Who is on the hook if consent is tainted? First, the business that designs the onboarding. Europe’s Digital Services Act (DSA) bans deceptive interfaces (“dark patterns”) that materially impair a user’s ability to make a free, informed choice. A pushy interface can support a finding of civil fraud and a regulatory breach. Second, the principal is bound only within the mandate. If the agent exceeds clear instructions, the act is not enforceable against the principal; recourse then shifts to the tool provider (contract liability, and—if there is damage—product liability now expressly covering software and AI systems). The agent itself bears no liability; without legal personality, it is not a defendant. Claims target people—counterparties, developers, integrators.
Does the agent become the new “reasonable consumer”? Here, there are two tempting, but wrong, paths. One is to assume that an AI-assisted consumer is more sophisticated, and to raise the bar accordingly. The other is to sideline the consumer altogether and let the agent “choose for them,” infantilizing the user and shifting responsibility to the tool. Neither works in law: the benchmark remains human, and the agent has no legal personality. We cannot demand expertise because someone is assisted, nor absolve them of all choice. The right place to look is the loyalty of the design and the conduct of professionals, who remain responsible for how assistance shapes decisions.

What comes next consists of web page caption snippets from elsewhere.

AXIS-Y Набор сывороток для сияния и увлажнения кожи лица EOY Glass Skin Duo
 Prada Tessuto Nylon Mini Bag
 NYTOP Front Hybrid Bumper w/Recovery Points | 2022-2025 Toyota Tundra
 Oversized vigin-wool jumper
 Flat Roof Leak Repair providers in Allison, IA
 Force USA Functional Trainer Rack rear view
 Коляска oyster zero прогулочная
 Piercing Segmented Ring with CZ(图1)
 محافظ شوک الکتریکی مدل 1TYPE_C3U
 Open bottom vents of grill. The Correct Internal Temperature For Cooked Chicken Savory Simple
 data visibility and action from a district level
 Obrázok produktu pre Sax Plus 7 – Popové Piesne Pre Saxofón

Bottom line: who consents? Always a person. Who answers? The business that captures that consent, and, as appropriate, those who put the tool in circulation. The AI agent is neither a new contracting party nor the new yardstick for the “average consumer.” It is a powerful intermediary that forces the law to look not only at what was said to the user, but at how the tool, the interface, and the recommendations manufactured the decision. That is where the first cases will draw the line between assistance and manipulation—and, if needed, recalibrate the standards courts apply.